**Task input**
######

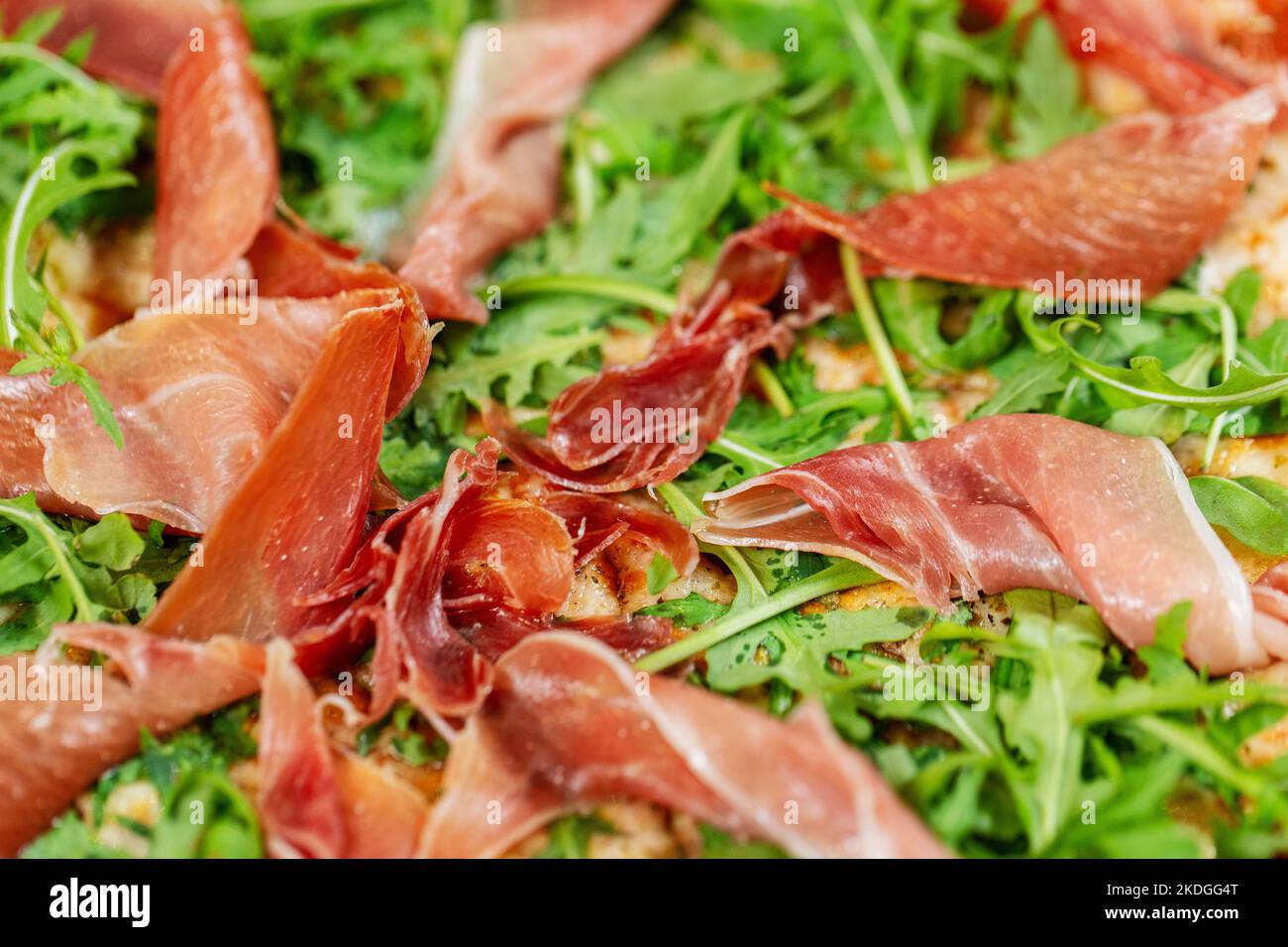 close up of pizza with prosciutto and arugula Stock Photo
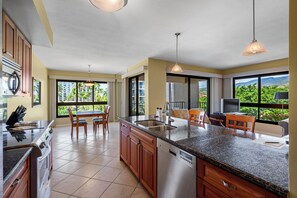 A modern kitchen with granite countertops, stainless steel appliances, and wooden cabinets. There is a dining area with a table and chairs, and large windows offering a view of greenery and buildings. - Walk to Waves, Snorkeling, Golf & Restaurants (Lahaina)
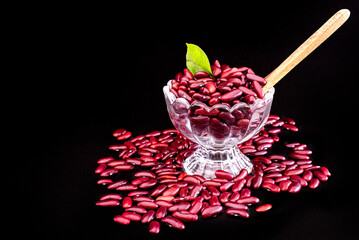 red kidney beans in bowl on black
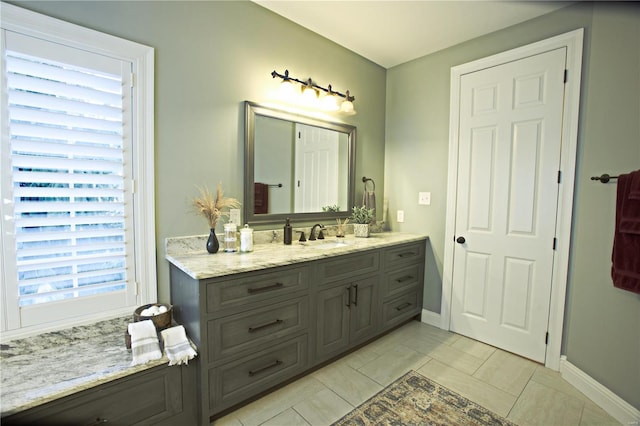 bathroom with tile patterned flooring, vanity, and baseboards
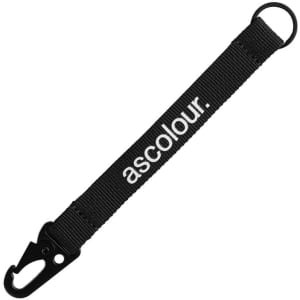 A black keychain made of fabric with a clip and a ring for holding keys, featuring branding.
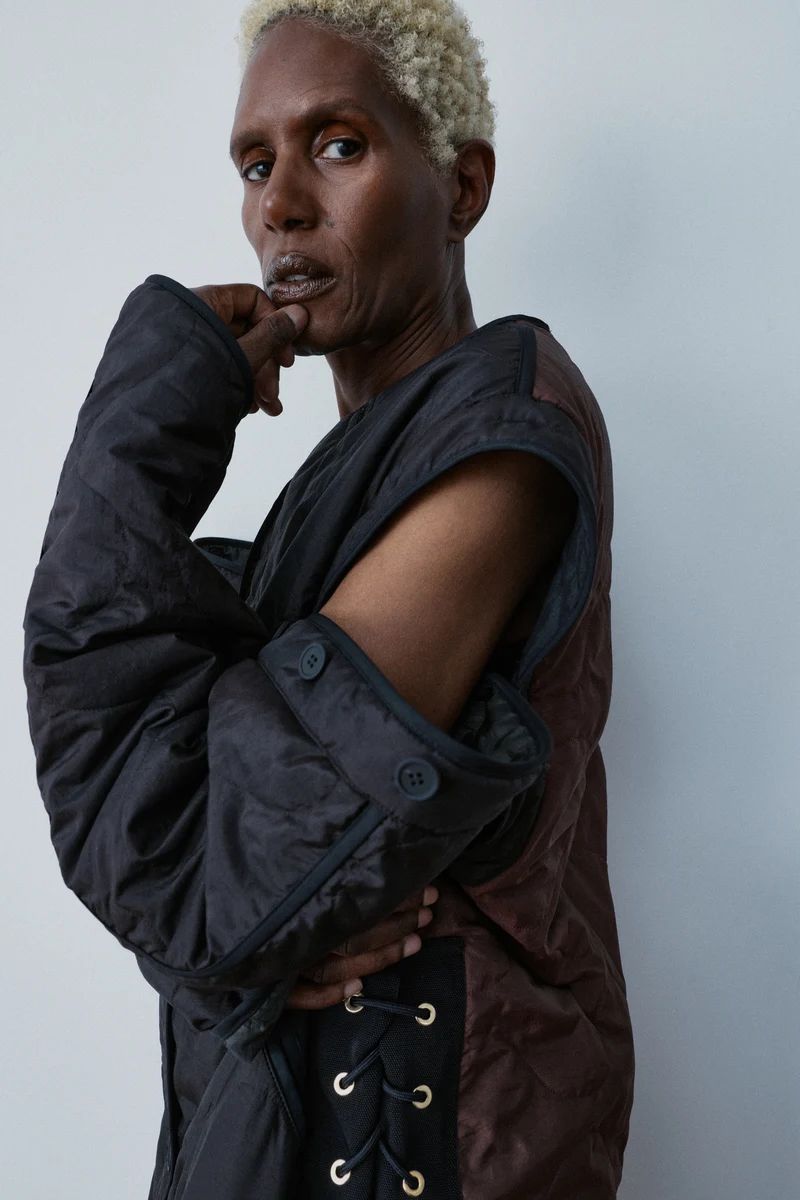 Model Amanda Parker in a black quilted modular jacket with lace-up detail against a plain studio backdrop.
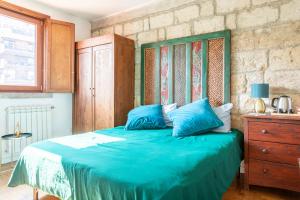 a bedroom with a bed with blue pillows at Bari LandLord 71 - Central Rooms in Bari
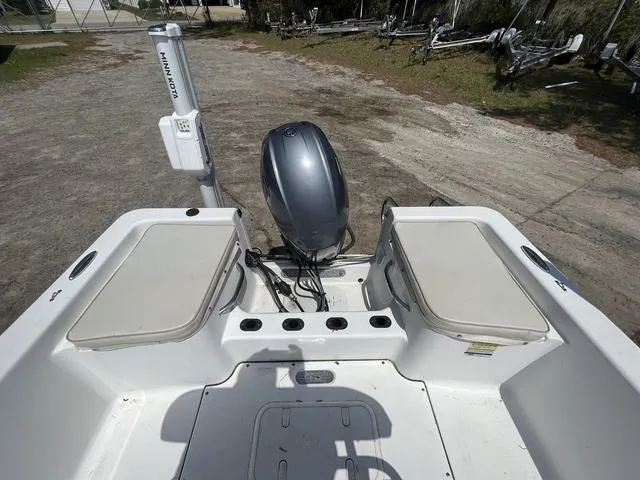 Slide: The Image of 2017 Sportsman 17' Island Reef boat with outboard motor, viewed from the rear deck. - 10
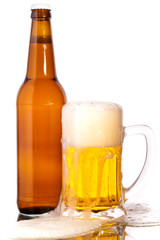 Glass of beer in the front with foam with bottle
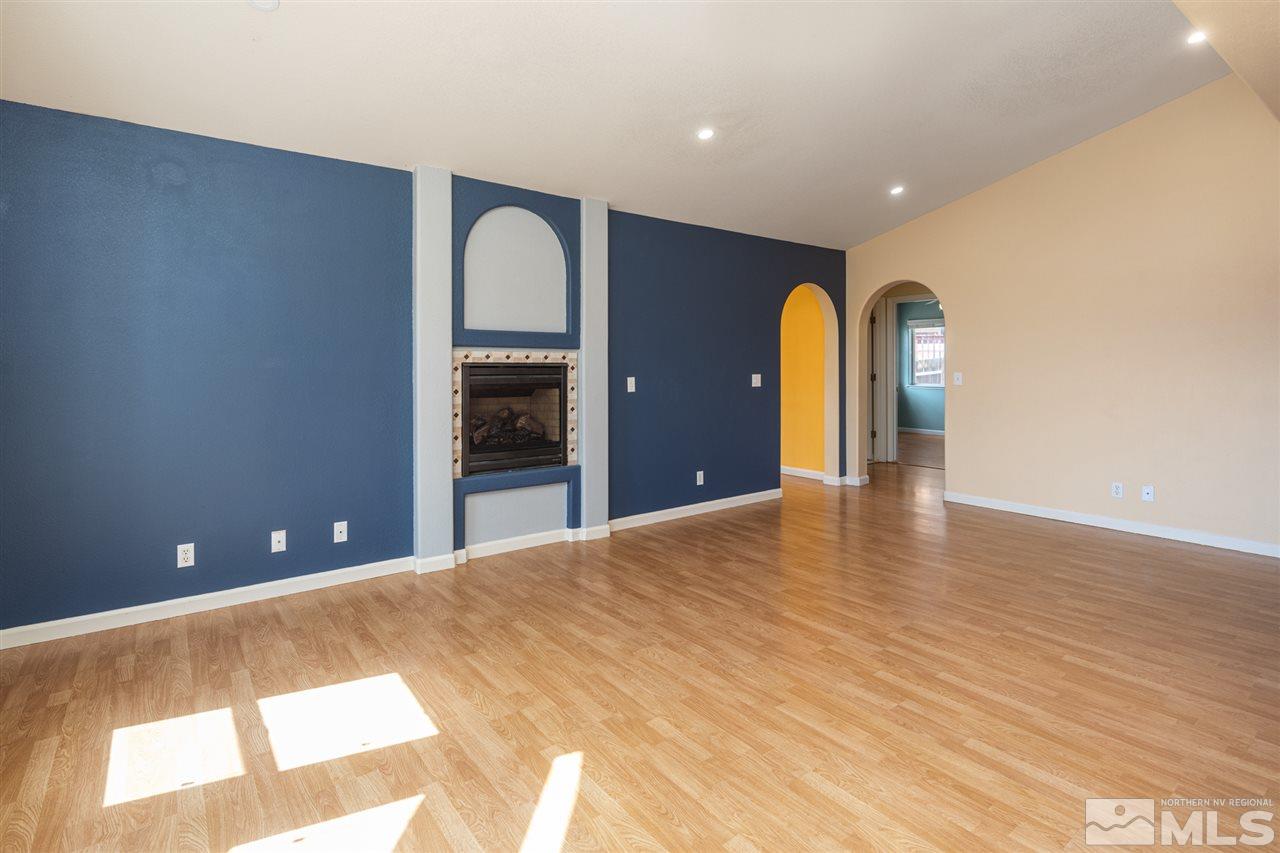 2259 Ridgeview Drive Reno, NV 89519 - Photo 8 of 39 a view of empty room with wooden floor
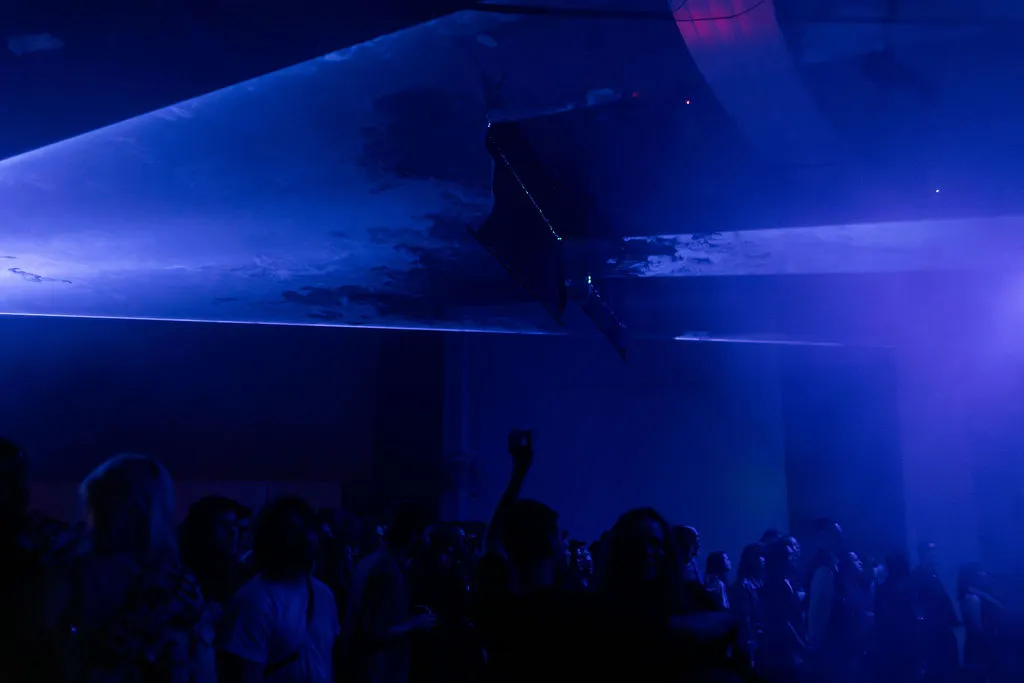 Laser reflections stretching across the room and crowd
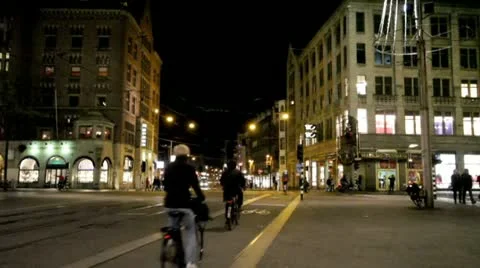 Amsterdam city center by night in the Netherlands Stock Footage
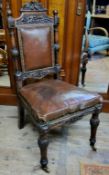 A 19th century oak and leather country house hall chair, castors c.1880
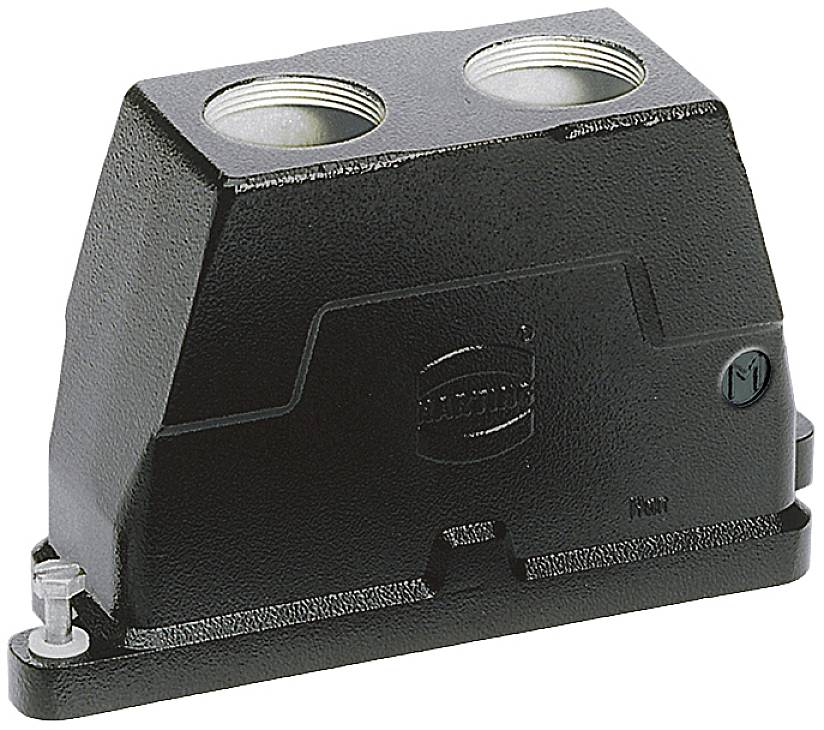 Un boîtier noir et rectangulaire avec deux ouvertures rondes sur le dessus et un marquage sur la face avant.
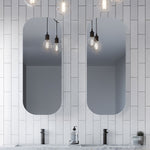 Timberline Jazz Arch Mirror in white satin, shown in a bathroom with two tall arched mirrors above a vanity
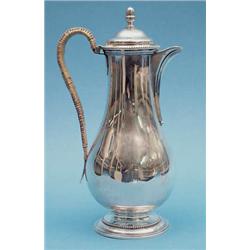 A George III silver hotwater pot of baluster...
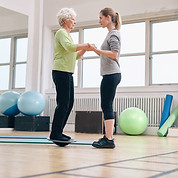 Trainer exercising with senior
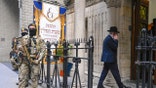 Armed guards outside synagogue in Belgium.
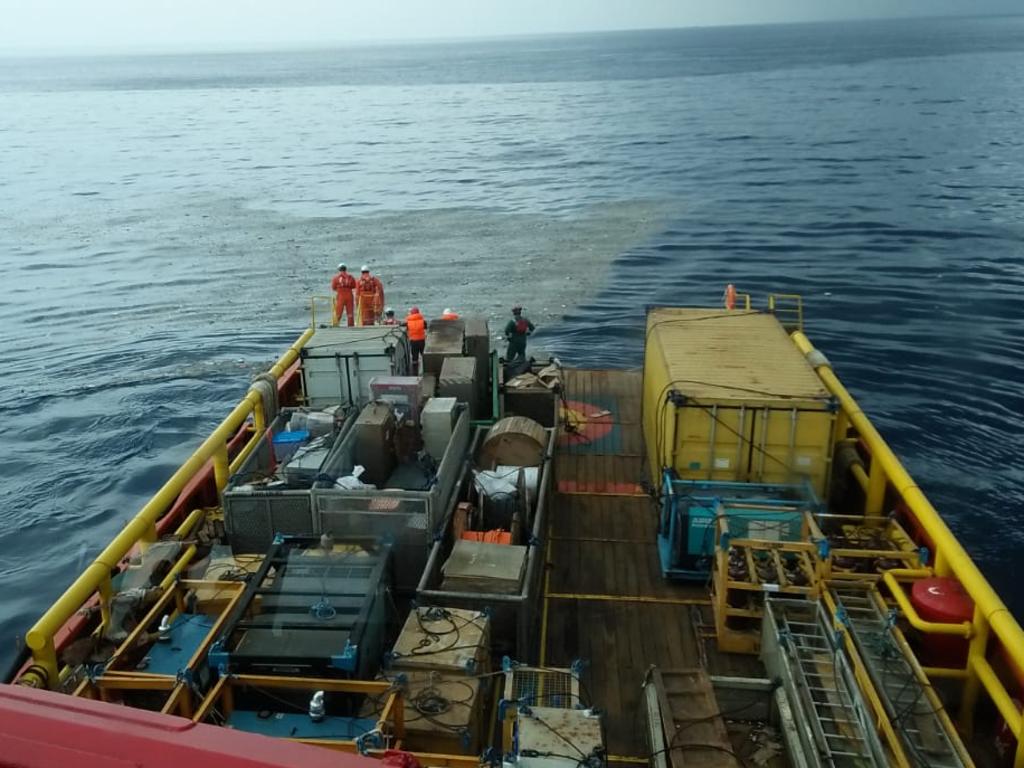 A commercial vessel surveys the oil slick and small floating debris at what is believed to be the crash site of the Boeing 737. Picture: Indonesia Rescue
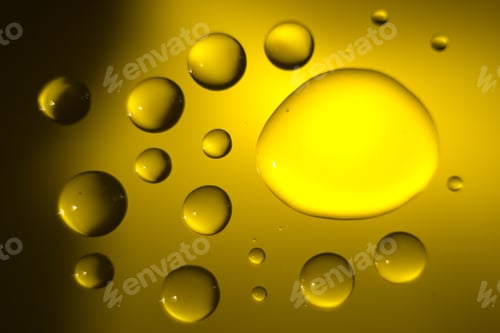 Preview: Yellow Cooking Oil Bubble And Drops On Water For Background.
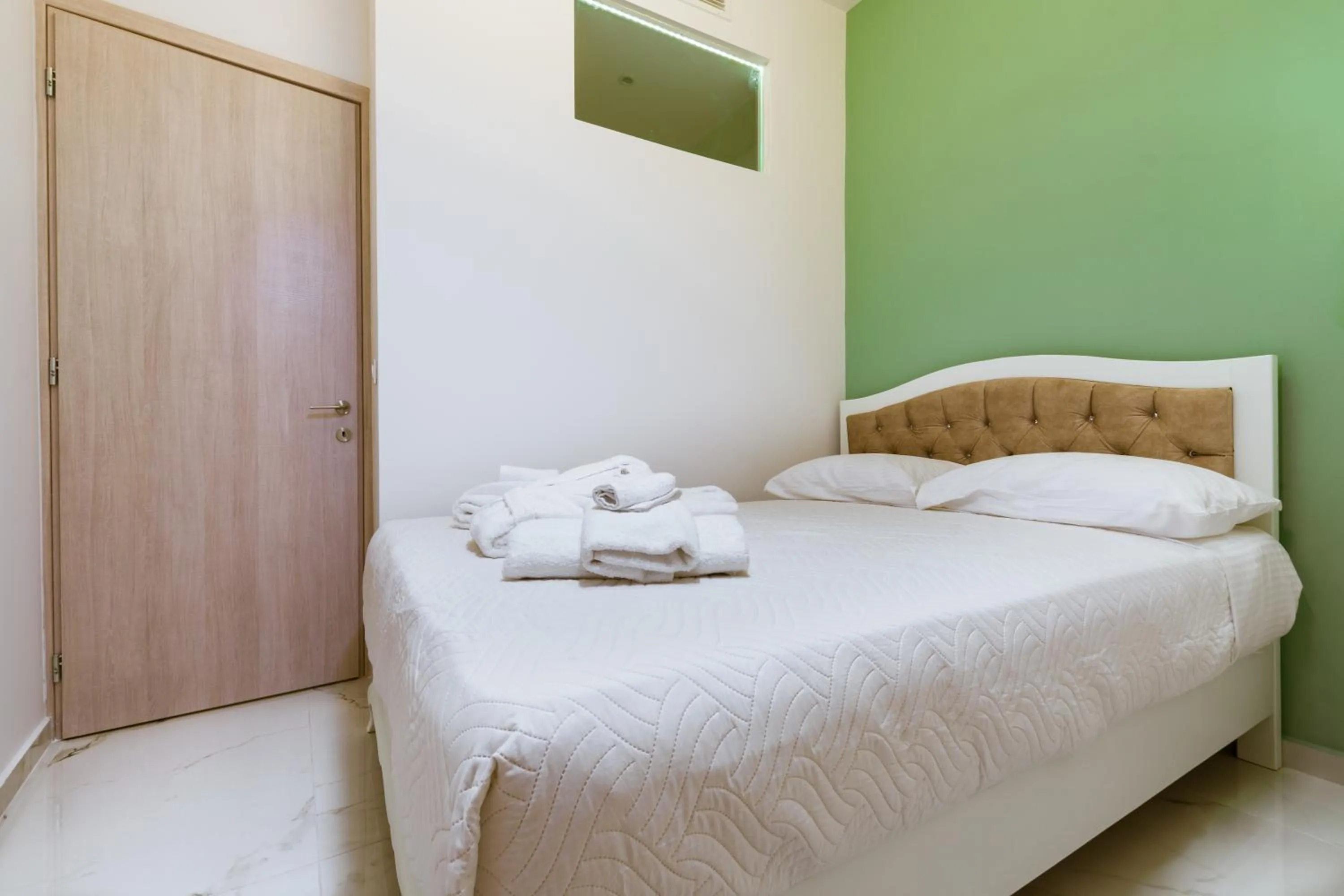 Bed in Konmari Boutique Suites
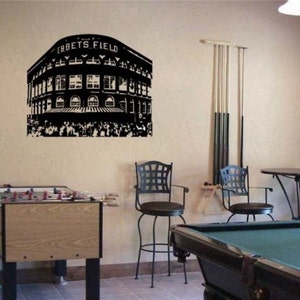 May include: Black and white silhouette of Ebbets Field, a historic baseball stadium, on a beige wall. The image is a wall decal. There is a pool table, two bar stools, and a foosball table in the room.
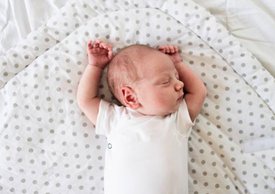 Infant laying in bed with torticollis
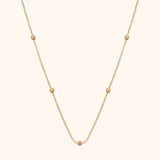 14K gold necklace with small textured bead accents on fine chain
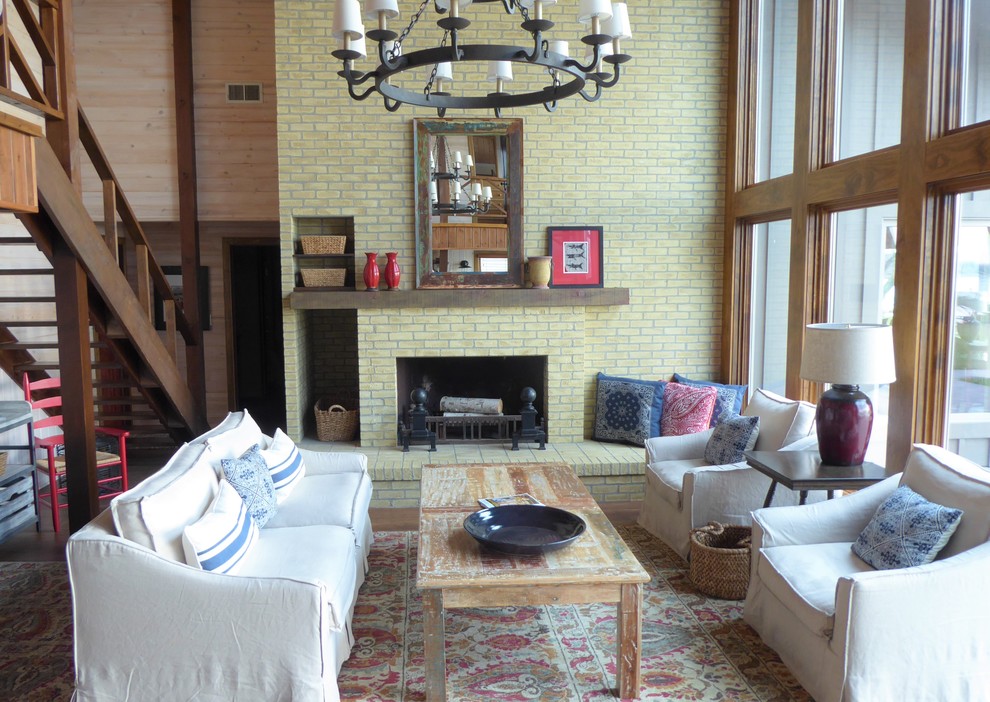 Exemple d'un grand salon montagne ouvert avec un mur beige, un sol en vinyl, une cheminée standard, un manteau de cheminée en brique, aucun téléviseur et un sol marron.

######

**Work to complete**
In the records above, find the line containing "Timberline Jazz Arch" and restate it and every line after it word for word, all pictures excluded.

**Response below**
 Timberline Jazz Arch Mirror in white satin, shown in a bathroom with two tall arched mirrors above a vanity
 A George III silver hotwater pot of baluster...
 Trainer exercising with senior
 Armed guards outside synagogue in Belgium.
 A commercial vessel surveys the oil slick and small floating debris at what is believed to be the crash site of the Boeing 737. Picture: Indonesia Rescue
 Preview: Yellow Cooking Oil Bubble And Drops On Water For Background.
 Bed in Konmari Boutique Suites
 May include: Black and white silhouette of Ebbets Field, a historic baseball stadium, on a beige wall. The image is a wall decal. There is a pool table, two bar stools, and a foosball table in the room.
 Infant laying in bed with torticollis
 14K gold necklace with small textured bead accents on fine chain
 Exemple d'un grand salon montagne ouvert avec un mur beige, un sol en vinyl, une cheminée standard, un manteau de cheminée en brique, aucun téléviseur et un sol marron.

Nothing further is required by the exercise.